In his Introduction to Catholicism class this past spring, a class that he had taught regularly at the university, Dr. Howell covered the topic of homosexuality, teaching the Catholic Church's position on same-sex attractions and behavior. As part of this discussion, Dr. Howell sent an e-mail to his class contrasting how utilitarianism and natural law theory would each determine the morality of homosexual conduct.
A student complained that Dr. Howell's words were “hate speech” in an e-mail to the head of the department, Dr. Robert McKim. Howell was called into McKim's office at the end of the semester and told that he would no longer be allowed to teach for the University because his e-mail had “violate[d] university standards of inclusivity.”
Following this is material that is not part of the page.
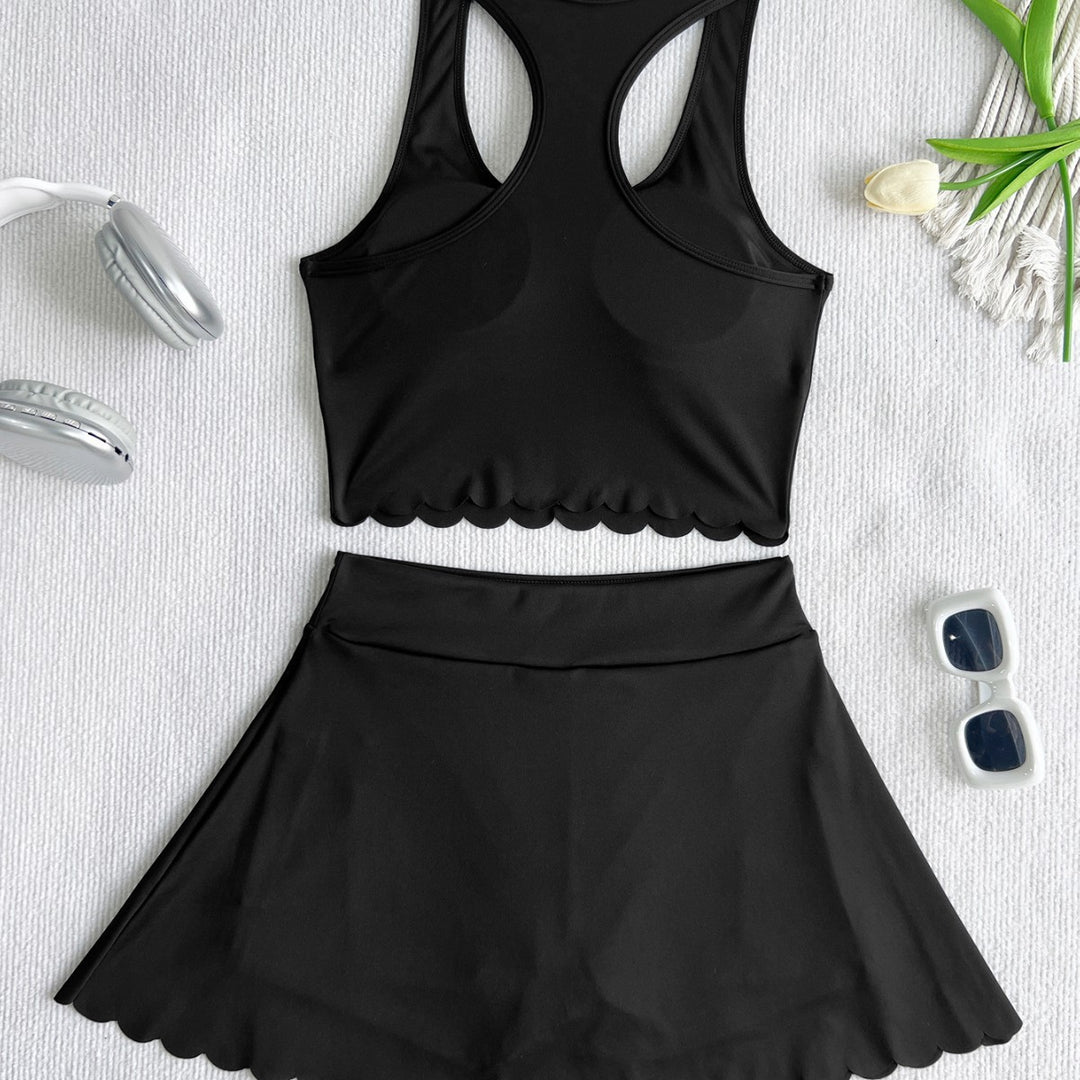 Damen Sportliches Tennis-Outfit mit gewelltem Saum Echo Archiv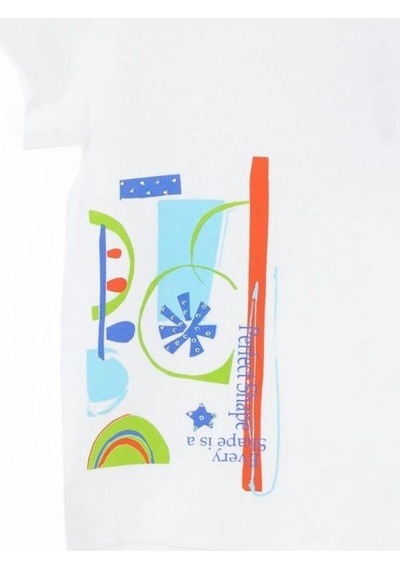 Nk Kids Kız Çocuk Pamuklu Desenli T-shirt-15968 Beyaz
Travis Barham, litigation staff counsel for the ADF Center for Academic Freedom, wrote a letter on July 12 to several officials at the University of Illinois, including the president, the Dean of the College of Liberal Arts and Sciences and the head of the religion department.
“In relieving Dr. Howell of his teaching responsibilities, the University is firing him for teaching Catholic doctrine in a class about Catholic doctrine,” Barham said.
He noted that “the University's only reason for removing Dr. Howell is that other students, faculty, and staff disliked his speech.” However, he continued, the First Amendment “exists precisely to protect controversial ideas from being silenced” and “affords broad protection for a professor's speech in the classroom.”
In his letter, Barham noted that Dr. Howell has taught in the Department of Religion at the University of Illinois since 2001, and that he has consistently earned excellent marks on his student evaluations.
Throughout the semester, Barham underscored, Dr. Howell emphasized to his class that they did not need to agree with Catholic thought, but simply needed to understand and analyze it to succeed in the class.
In a legal analysis of the situation, Barham explained that “public university professors retain free speech and academic freedom rights in the classroom and on campus.”
Looking at legal precedent, Barham noted that the U.S. Court of Appeals for the Seventh Circuit, which has jurisdiction over Illinois, has stated that “the First Amendment protects the right of faculty members to engage in academic debates, pursuits, and inquiries.” Federal courts across the country have agreed with this statement, he said.
“These clearly established First Amendment principles easily encompass Dr. Howell's lectures and e-mail,” Barham stated. “In a class on Catholic thought, he explained Catholic teaching on sexual morality and answered students' questions and responded to their objections.”
“According to decades of Supreme Court precedent, the University simply cannot relieve Dr. Howell of his teaching post based on how third parties respond to his speech,” Barham said. “For decades, the Supreme Court has consistently held that university campuses are 'not enclaves immune from the sweep of the First Amendment.'”
Emphasizing the violation of the right to free speech and academic freedom, Barham called for the University to restore Dr. Howell to his previous teaching position.
“In light of these clear constitutional violations, we demand that you immediately reinstate Dr. Howell and restore to him the teaching responsibilities he has discharged so excellently for almost a decade,” Barham said in the letter. If the University does not respect Dr. Howell's First Amendment freedoms, ADF will advise the professor “to vindicate his constitutional rights in federal court.”